L’altra faccia della pillola anticoncezionale di cui non si parla mai

Ha fatto il giro del mondo la notizia di quanto avvenuto negli anni ’70 in Groenlandia, dove circa 4.500 donne avrebbero subito a loro insaputa l’impianto della spirale anticoncezionale. In realtà, la storia della contraccezione femminile è disseminata di episodi di sopraffazione e il suo stesso uso attuale rischia di non essere sempre a vantaggio delle donne. Ohga ha intervistato la scrittrice e scienziata Laura Tripaldi per esaminare i lati oscuri della pillola anticoncezionale femminile e capire perché questo farmaco si porta dietro un insieme complesso di significati anche culturali, politici e sociali.
Entra nel nuovo canale WhatsApp di Ohga
Maria Teresa Gasbarrone 18 Ottobre 2023
* ultima modifica il 19/10/2023
Intervista a Laura Tripaldi Scienziata in Nanotecnologie dei Materiali e scrittrice

Tra il 1966 e il 1979 circa 4.500 donne inuit originarie della Groenlandia potrebbero aver subito l'impianto della spirale contraccettiva (Iud) a loro insaputa, e quindi senza il loro consenso. Al momento del trattamento, molte di loro sarebbero state ancora minorenni, alcune avrebbero avuto sui 13 anni, poco più che bambine.

La vicenda è uscita allo scoperto solo qualche anno fa e ora ha ottenuto una risonanza internazionale, dopo che un'inchiesta giornalistica da parte dell’emittente pubblica danese DR l'ha resa di dominio pubblico: ora 67 delle donne vittime di questa (ancora da accertare) politica governativa vogliono fare causa alla Danimarca, in rappresentanza delle 4.500 persone che hanno subito la stessa violenza da parte del governo danese di allora, che, secondo le loro accuse, avrebbe voluto in questo modo ridurre la popolazione nativa della Groenlandia, all'epoca colonia del Regno di Danimarca.

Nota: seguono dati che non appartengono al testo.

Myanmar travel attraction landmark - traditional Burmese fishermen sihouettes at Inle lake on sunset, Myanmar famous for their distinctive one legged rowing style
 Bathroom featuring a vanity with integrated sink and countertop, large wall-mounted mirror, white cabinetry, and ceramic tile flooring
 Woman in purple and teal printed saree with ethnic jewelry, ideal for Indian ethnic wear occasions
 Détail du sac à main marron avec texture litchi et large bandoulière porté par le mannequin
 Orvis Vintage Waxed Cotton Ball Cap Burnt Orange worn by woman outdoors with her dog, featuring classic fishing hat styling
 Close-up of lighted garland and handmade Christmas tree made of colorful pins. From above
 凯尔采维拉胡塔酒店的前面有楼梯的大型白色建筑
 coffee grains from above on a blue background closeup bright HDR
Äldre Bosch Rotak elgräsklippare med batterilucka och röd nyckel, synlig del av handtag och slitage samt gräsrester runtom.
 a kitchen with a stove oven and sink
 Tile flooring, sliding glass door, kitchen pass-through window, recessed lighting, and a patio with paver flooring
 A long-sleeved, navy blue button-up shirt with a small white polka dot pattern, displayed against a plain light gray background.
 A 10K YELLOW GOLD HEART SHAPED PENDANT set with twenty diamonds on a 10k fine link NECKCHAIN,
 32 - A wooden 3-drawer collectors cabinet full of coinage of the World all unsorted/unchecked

Per quanto questa storia ci possa sembrare scandalosa, qualora venisse confermata, sarebbe in realtà solo uno dei tanti momenti bui che hanno segnato la storia dei contraccettivi femminili.

Sebbene infatti la pillola ormonale e gli altri anticoncezionali femminili siano stati uno strumento di autodeterminazione fondamentale per le donne, c'è una parte della storia che li ha resi possibili e che li rendi tutt'ora disponibili che tendiamo a nascondere, o, almeno, ci raccontiamo a fatica.

Per fare luce su questa complicata materia, Ohga ha intervistato la scienziata in Nanotecnologie dei Materiali Laura Tripaldi, che ai lati nascosti delle "tecnologie di genere" ha dedicato il suo ultimo libro "Gender Tech – Come la tecnologia controlla il corpo delle donne".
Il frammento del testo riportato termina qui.